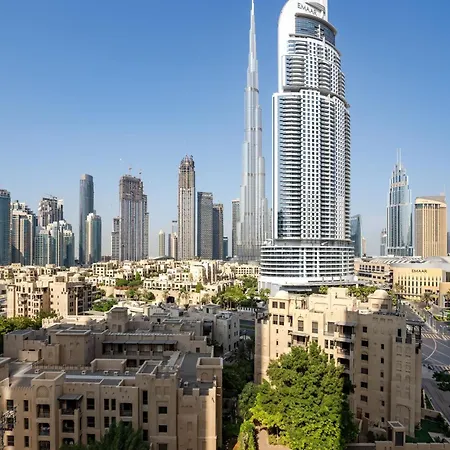 The Dubai Edition-3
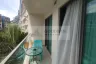 1 Bedroom Condo for sale in Laguna Beach Resort 2, Nong Prue, Chonburi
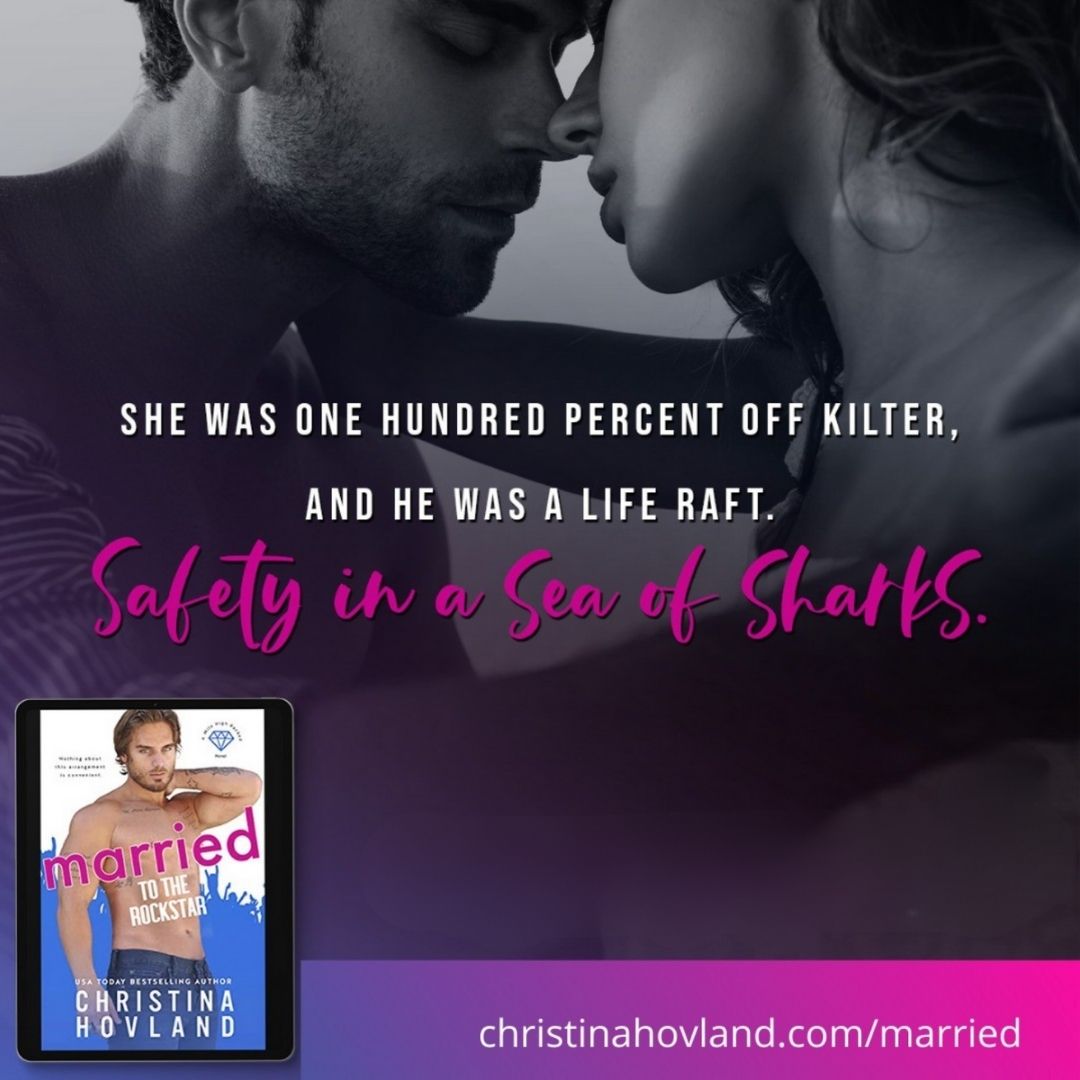 Mile High Rocked Bundle - Audiobooks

Your goal:
In the printed copy, the material above must appear unchanged and without its pictures.

Task solution:
 The Dubai Edition-3
 1 Bedroom Condo for sale in Laguna Beach Resort 2, Nong Prue, Chonburi
 Mile High Rocked Bundle - Audiobooks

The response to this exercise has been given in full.